■ **Task to complete**:
What you return must be the full data, repeated verbatim, with no pictures in it.

■ **Raw data**:
#####

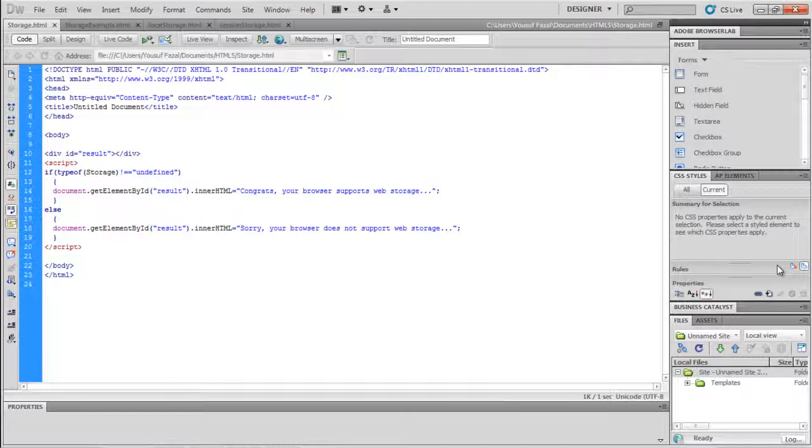The data is only used when required and isn't included in every server request. Moreover, it provides the advantage of storing large amounts of data without affecting the website's performance. A website can only access the data stored by it, which is always stored in key pairs.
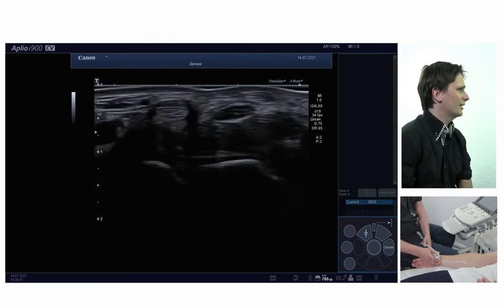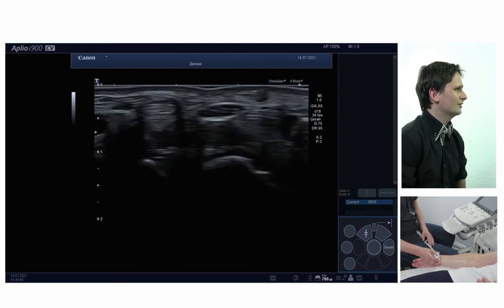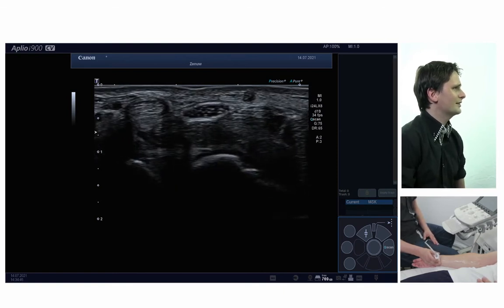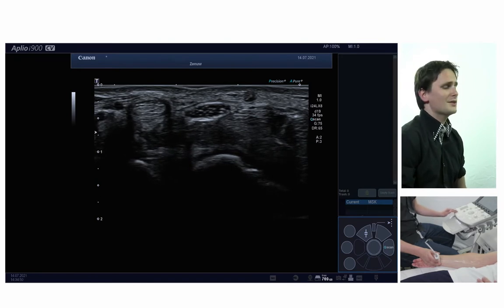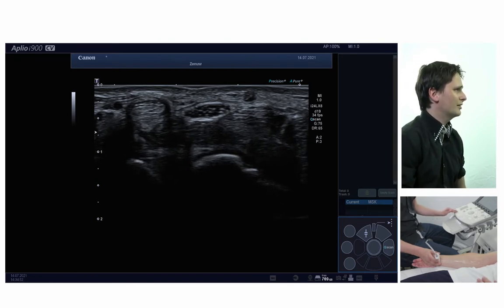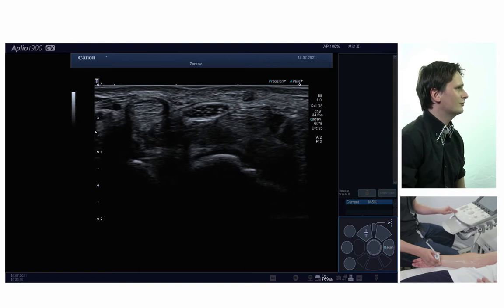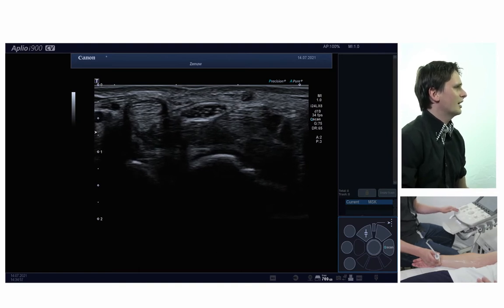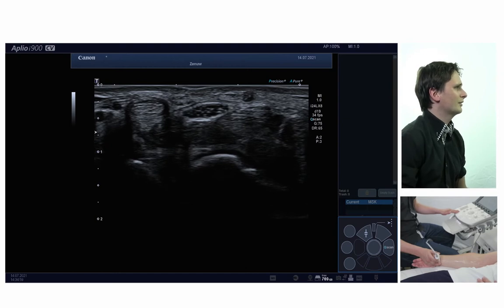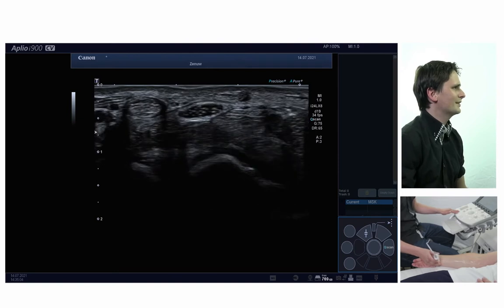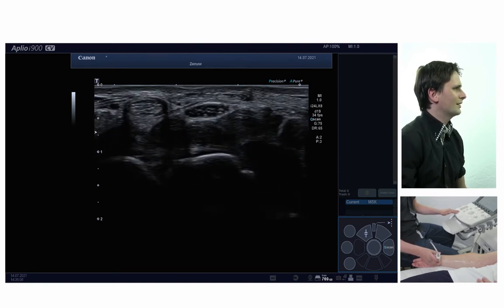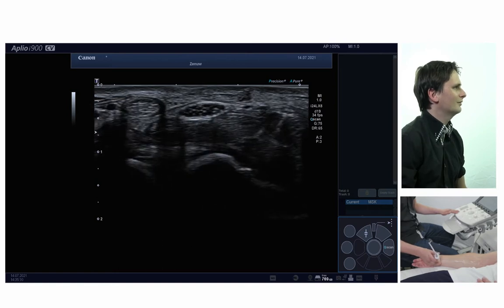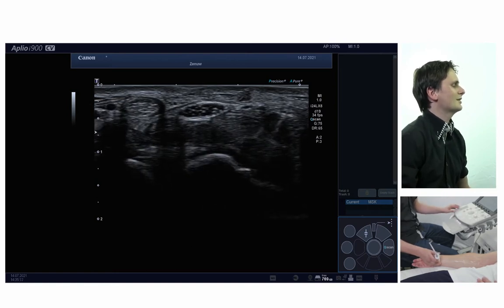To start the scan, I'll look for the nerve at the carpal tunnel, just proximal to it. Here you can see it very nicely in the middle of the screen — a nice honeycomb structure. If you doubt whether you have visualized the nerve or tendons, you may tilt the probe a bit. As you can see, the tendons will get dark very easily while the nerve keeps its honeycomb structure.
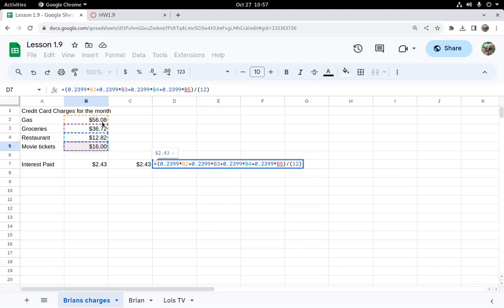So again, I'm just taking the percentage of each of these, and then I'm going to divide by 12 to say this is only one month out of a year, one twelfth of a year.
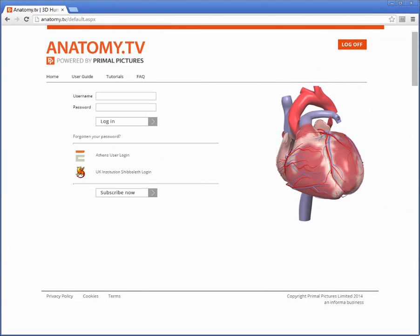Hi and welcome to Primal Pictures video tutorial series. This video tutorial will go through the various features and functions and has been designed to help you make the most of your subscription.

#####

■ **Problem solution**:
The data is only used when required and isn't included in every server request. Moreover, it provides the advantage of storing large amounts of data without affecting the website's performance. A website can only access the data stored by it, which is always stored in key pairs.
To start the scan, I'll look for the nerve at the carpal tunnel, just proximal to it. Here you can see it very nicely in the middle of the screen — a nice honeycomb structure. If you doubt whether you have visualized the nerve or tendons, you may tilt the probe a bit. As you can see, the tendons will get dark very easily while the nerve keeps its honeycomb structure.
So again, I'm just taking the percentage of each of these, and then I'm going to divide by 12 to say this is only one month out of a year, one twelfth of a year.
Hi and welcome to Primal Pictures video tutorial series. This video tutorial will go through the various features and functions and has been designed to help you make the most of your subscription.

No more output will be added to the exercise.